Она встала от работы и достала с печки котелок с похлебкой, чайник и

кружку.

— Кушайте, Олечка, а потом поработаем до утра. Посмотрите, какое богатство нам Миша доставил. Реквизнули где-то. Надо рубахи раненым пошить, бинты поделать, а то страшно сказать, сегодня двоих перевязывать пришлось, — так газетную бумагу вместо ваты наложили. Вши начали заводиться. Стирать не успеваем. И вам надо, Олечка, рубашечку сшить У вас ведь другой нет?

— Нет… Я с самого Ростова не могла ее помыть. Ведь когда моешь да сохнешь, приходится платье на голое тело одевать. А там у Катовых негде было, — грустным голосом сказала Оля.

— Ну вот! Берите ножницы. Кройте по моему рисунку.

Зимняя долгая ночь тянулась безконечно. Сон пропал, и торопливо бежали мысли, а руки, покрасневшие от напряжения и уже натрудившиеся, все резали, резали то грубый холст, то полотно.
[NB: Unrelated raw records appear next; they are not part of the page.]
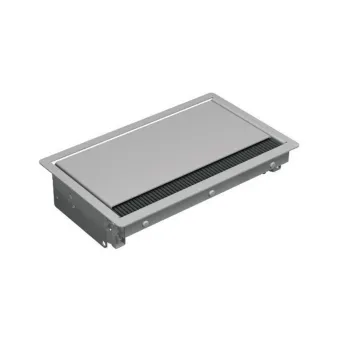 CONI built-in-frame white aluminium, short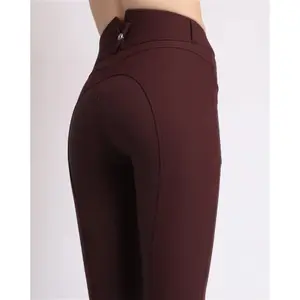 Pantalon équitation Full grip femme Montar Essential Megan Vol 2 image-2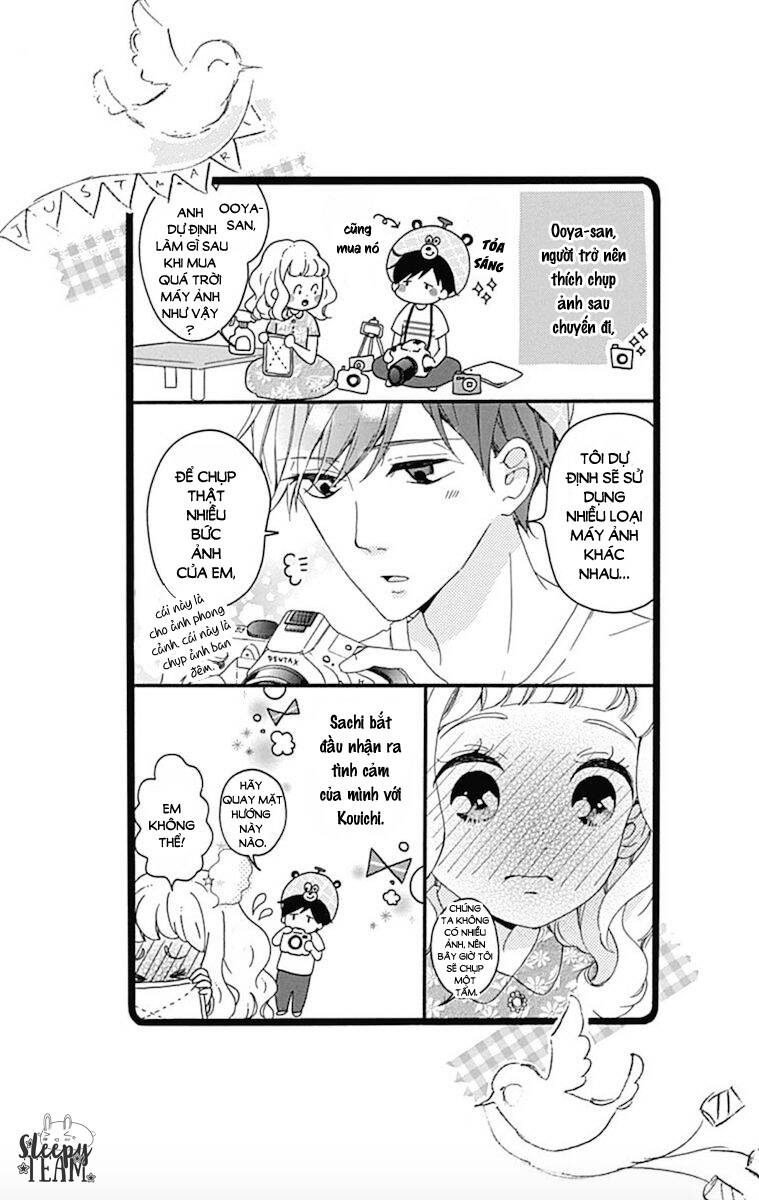 Konyakusei: Chapter 2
Оле вспомнился ее громадный бельевой шкап в Царском Селе и полки, на которых воздушными кипами, в кружевах и прошивках с продернутыми насквозь пестрыми красивыми ленточками, лежали дюжинами рубашки и панталоны. Кто-то их носит теперь? Оля вспомнила Царскосельский парк и ту бледную изломанную особу, которая смотрела на нее сквозь стекла золотого лорнета. Какая она была ужасная. Может, она носит теперь ее белье?

Монотонно стучит швейная машинка. Остановится, помолчит и снова стучит, точно пулемет… «Пулемет… Пулемет», — повторяет вслух Оля, и ее глаза слипаются, а ножницы падают с опухших пальцев.

— Олечка, вы спите, — говорит ей Валентина Ивановна. — Отдохните немного.

— Нет. Я ничего, — встряхиваясь, говорит Оля.

— Давайте теперь будем вместе резать бинты и сворачивать их. Третий час уже. До утра недолго. А утром на походе, в подводе заснем. На солнышке славно выспимся!..

Перед глазами крутится длинными полосами полотно, шуршит и потрескивает, сворачиваясь в большие цилиндры.

— Всех раненых завтра утром свежими бинтами перебинтуем, — говорит со счастливой улыбкой сестра Валентина, — То-то обрадуются! Ведь вот у Ермолова, — даже и не рана, а так пустяки. Плечо прострелено. А не перевяжи вовремя, выйдет нагноение, Боже упаси, руку по плечо отнимать придется.